For most of his first year in office, the President’s advisers had warned him about the consequences of violating the agreement.
The tycoon initially listened to those cautionary voices, before then sacking them and replacing them with supporters who told him yes.
Trump’s announcement puts America’s relations with European allies into deep uncertainty.
In recent weeks, Theresa May, Emmanuel Macron, and Angela Merkel had all pleaded with Trump to think again, telling him to fix or amend the deal rather than scrap it all together.
On Monday Boris Johnson even made a last gasp appeal to the President, using an appearance on Trump’s favourite TV show, Fox and Friends.
He suggested the billionaire would win a Nobel Peace Prize if he could resist his hawkish urges and keep the accord intact. But it was all for nothing.
Last night, President Macron tweeted: “France, Germany and the United Kingdom regret the US decision to get out of the Iranian nuclear deal. The international regime against nuclear proliferation is at stake.”
For Trump, the problem was that the deal contained a “sunset clause” which would have seen the restrictions on the nuclear program come to an end after a decade.
After 15 years, Iran would be able to produce as much fuel as it wanted – though never for the purpose of making weapons.
He also hated the handing over of millions of dollars worth of assets that had been frozen when sanctions had first been imposed when details of Iran’s nuclear programme became public.
Trump also believed Iran was breaking the spirit of the agreement through its development of ballistic missiles, its support Bashar Al Assad’s Syrian regime, for Hezbollah, and for Hamas.
He also said the deal did not permit inspections of military sites, though that was disputed, Trump said he had to pull out because the accord could not stop Iran from building a nuclear weapon “under the decaying and rotten structure of the current deal.”
“The Iran deal is defective at its core,” he said.
For the Americans, back in 2015, the agreement had been about avoiding conflict.
Obama said there were two ways to stop Iran getting a the bomb: “Either Iran getting a nuclear weapon is resolved diplomatically through negotiation or it is resolved through force, through war.
“Those are the options.”
It was not perfect, but by the terms agreed, it seemed to be working.
“As of today, I can state that Iran is implementing its nuclear-related commitments,” General Yukiya Amano, the director of the nuclear watchdog IAEA said in March this year.
There had been some violations.
In 2016 Iran twice exceeded that amount of heavy water in nuclear reactors it could have.
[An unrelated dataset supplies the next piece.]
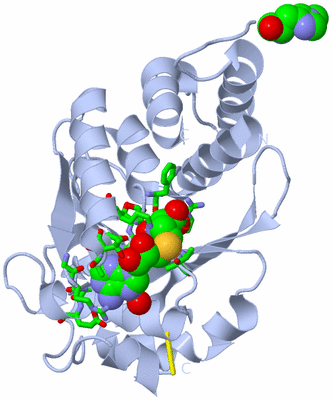 Image Biol. Unit 1 - sites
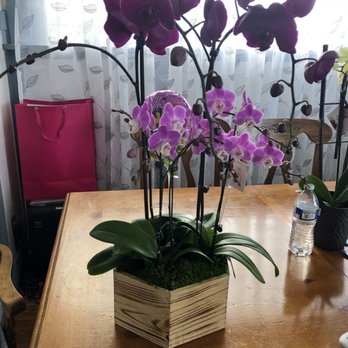 Lee's Orchids - Florists Near Me - Los Angeles, California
Though they came clean about this to IAEA inspectors and then promptly shut down that reactor.
When the sanctions were first introduced, Iran’s currency lost two-thirds of its value against the US dollar and caused inflation to rise to more than 40%. That in turn saw ordinary Iranians suffer, with prices of basic foodstuffs and fuel soaring.
Hassan Rouhani, former Glasgow Caledonian University student, was elected President on the back of a promise to “resolve” the sanctions.
“I said it is good for centrifuges to operate, but it is also important that the country operates as well and the wheels of industry are turning,” Rouhani said at the time.
However, the expected economic revival from ending sanctions hasn’t been that great.
That’s given hard-liners fuel to argue for a resumption of the uranium enrichment and plutonium production programme.
But Rouhani has, in recent days, been more pragmatic: “If we can get what we want from a deal without America, then Iran will continue to remain committed to the deal,” he said.
But Trump’s statement had made salvaging agreement even more unlikely.
Last night there were fears over escalating tensions in region.
The Israel Defence Forces instructed local authorities on the occupied Golan Heights to open public bomb shelters.